Sweating is by far the most common skin condition fibromites have, “32%”, research has confirmed.
To outsource info on treating sweating from my symptom & treatment lists
I’m reviving this thread, as it is the most recent one of 3 which have that word or ‘perspiration’ in the title and because Ron @Fearski is still actively around… and can give us an update
Treatments / Ideas:
Treat with tablets, mineral powders, botox, change clothes, mattresses, furosemide, HRT, Balance App by Dr. Louise Newson(?), Neat 3B face saver, oxybutenin, clonodine hydrochloride. Is it SFN or CRPS-I? Might GABA help? Or caused by meds like duloxetine & other antidepressants?).
Myself, I’ve always been a bit of a sweater, which was considerably reduced by fibro, meaning I had to change my t-shirts less often; until my TCM-acupressurist restored my cold tolerance again by activating the “inner cooking pot” which stabilized my temperature tolerance again. So I’ve never had reason to think of it in terms of fibro.
But now I’ve had a look at the studies on sweating (hyperhidrosis) on pubmed and seen
- a study that 32% of 845 fibromites suffered from hyperhidrosis, 10x more than any other single skin condition (?! Laniosz et al., 2014) Dermatologic manifestations of fibromyalgia - PubMed,
- a study that sweating may be reduced (diminished autonomic regulation) (that’d be me then) in accordance with evidence of small nerve fiber neuropathy (SFN) (Reyes Del Paso et al, 2020, (a corrrection), Correction: Reduced activity, reactivity and functionality of the sympathetic nervous system in fibromyalgia: An electrodermal study - PubMed),
- there is however a very recent study (Bailly, 2021) using sweating as a pointer to differentiate the overlap between SFN and FMS in the direction of SNF, and an old one (Collins et al, 2008) doing the same for CRPS-I - so those 2 might be diagnoses to have a look at. The challenge of differentiating fibromyalgia from small-fiber neuropathy in clinical practice - PubMed, Development of a symptoms questionnaire for complex regional pain syndrome and potentially related illnesses: the Trauma Related Neuronal Dysfunction Symptoms Inventory - PubMed,
- a study linking exaggerated muscular contraction (also muscle stiffness), sweating and constriction of blood vessels with changes in several brain neurotransmitters, particularly serotonin and norepinephrine (Marvulli et al. 2015) Objective Assessment of the Rheological Muscle Property in the Treatment of Fibromyalgia - PubMed.
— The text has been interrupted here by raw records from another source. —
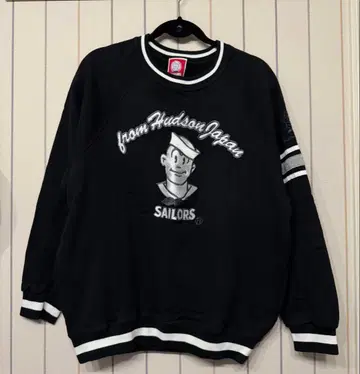 SAILORS 맨투맨 블랙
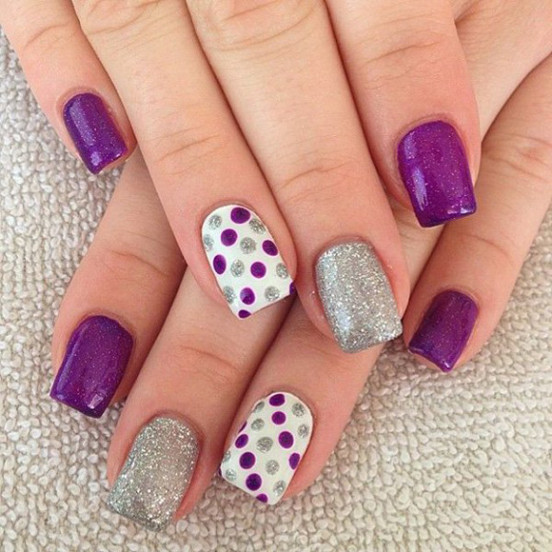 gelnails-in-purple-silver-and-white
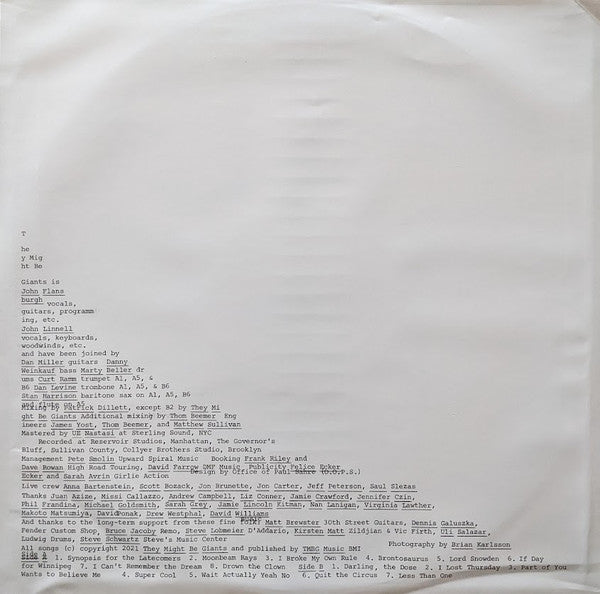 They Might Be Giants : Book (LP, Album)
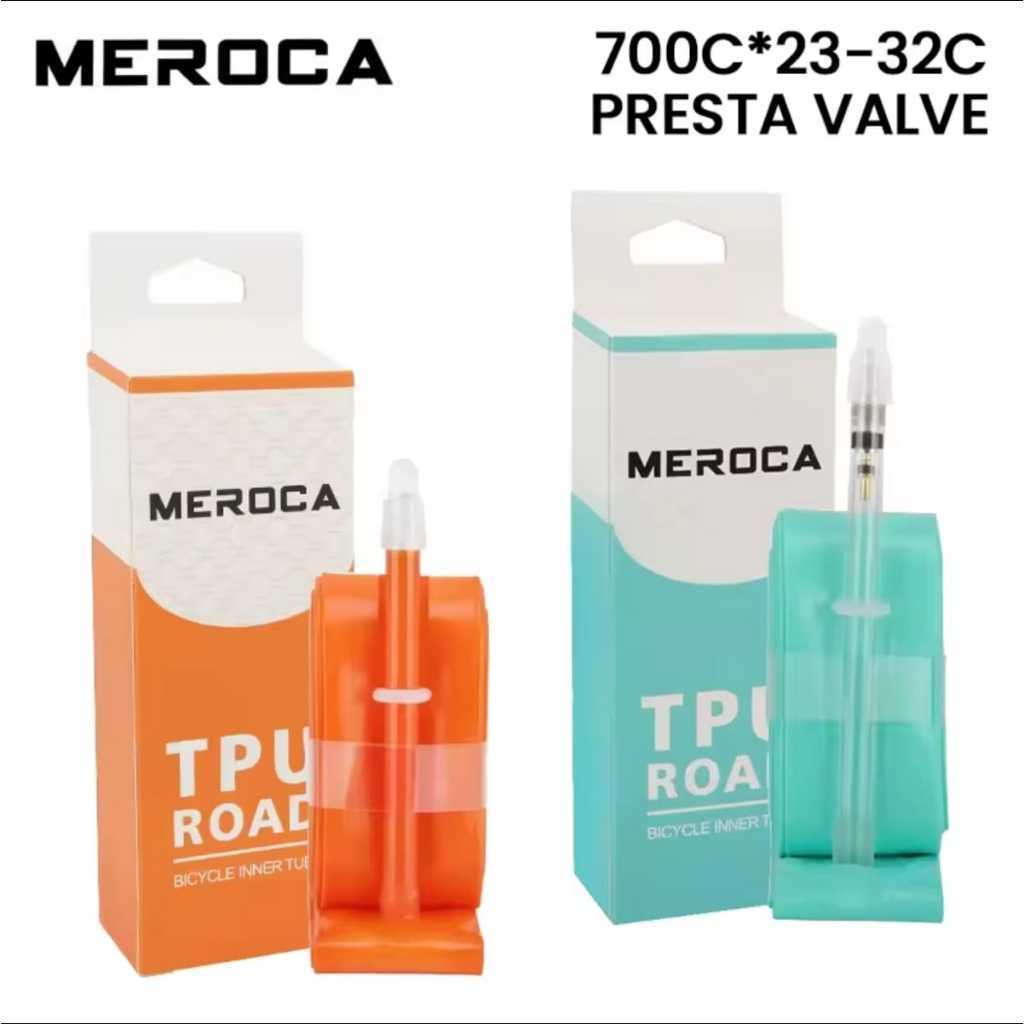 Foto MEROCA Ban Dalam Inner Tire TPU Ultralight 700C x 23 - 32C 700 x 23 - 32C Presta FV Inner tube MTB Sepeda Roadbike RB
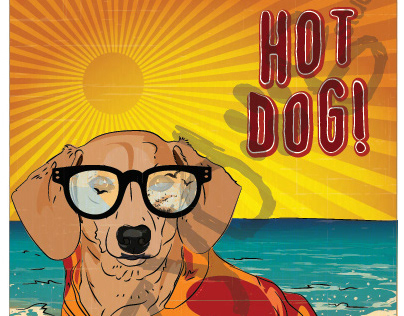 "Hot Dog" Doxie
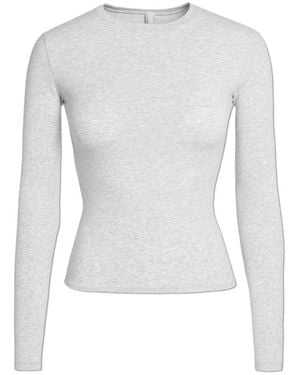 Skims Long Sleeve Tops - Gris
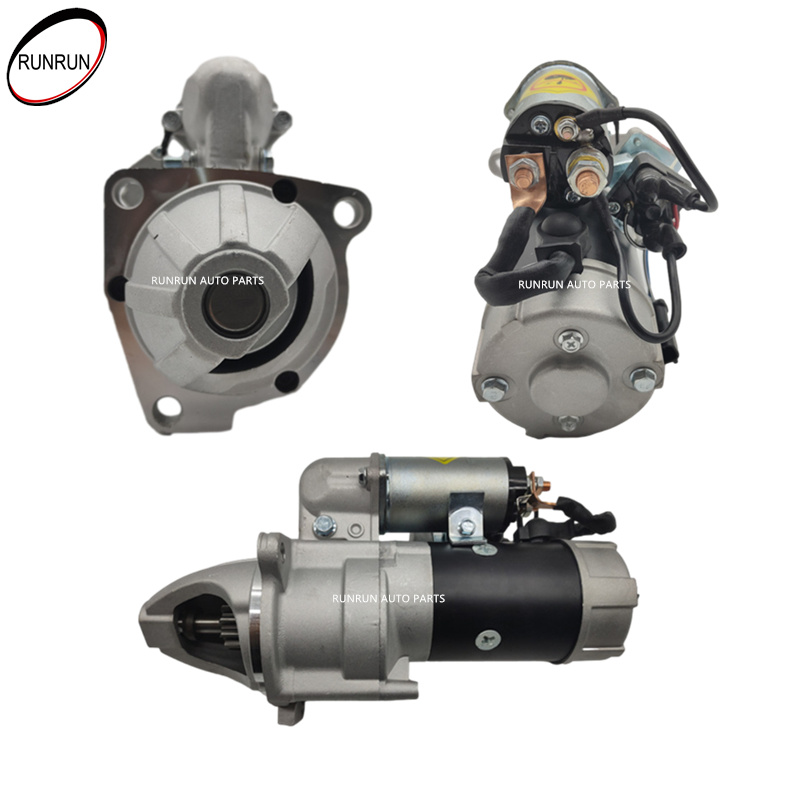 Partes del motor del excavador 24v motor de arranque para ISUZU 6BD1 6BB1 4BD1 0-23000-1031 0-23000-1033 1-81100-189-1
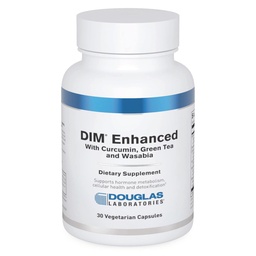 Douglas Laboratories DIM Enhanced - Ondersteunt Hormone Balance, Cellular Health & Detox* - Met Antioxidanten, Green Tea Extract & Wasabia - 30 Vegetarische Capsules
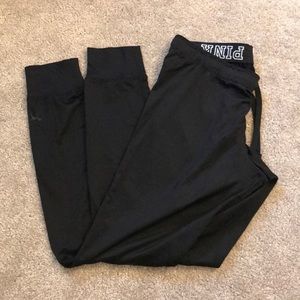 VS PINK Black Ultimate Joggers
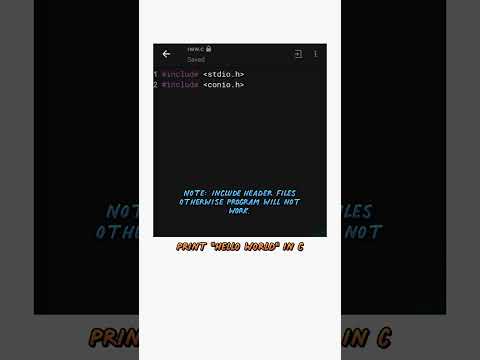 Print "Hello world" in C 💻 #shorts #programming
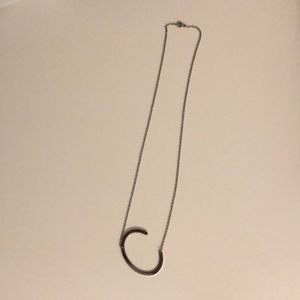 C initial necklace never worn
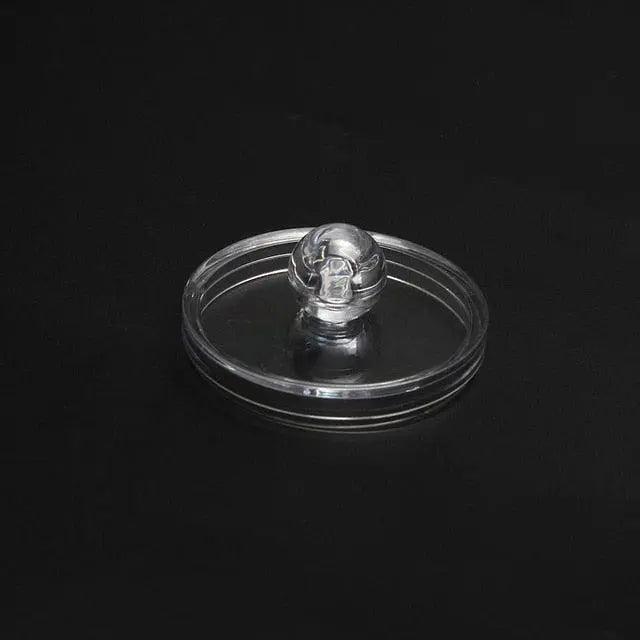 Sleek Transparent Acrylic Cotton Swab Organizer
The latter’d also be connected to me and also to the mention of oxybutenin and clonodine hydrochloride above, as using GABA, which drastically decreases my muscle stiffness and improves my bladder problems, I assume by changing the serotonin, whilst not making my mouth too dry, much less than meds anyway. For ‘sweaters’ it may suggest trying GABA. For me it suggests looking at my sweating more closely… - This one links sweating to duloxetine (‘Cymbalta’), so that’d also be one to watch (Ormseth et al, 2011), Duloxetine in the management of diabetic peripheral neuropathic pain - PubMed. As @Starr says above this seems also to be true of other antidepressants like Sumatriptan (‘Imitrex’).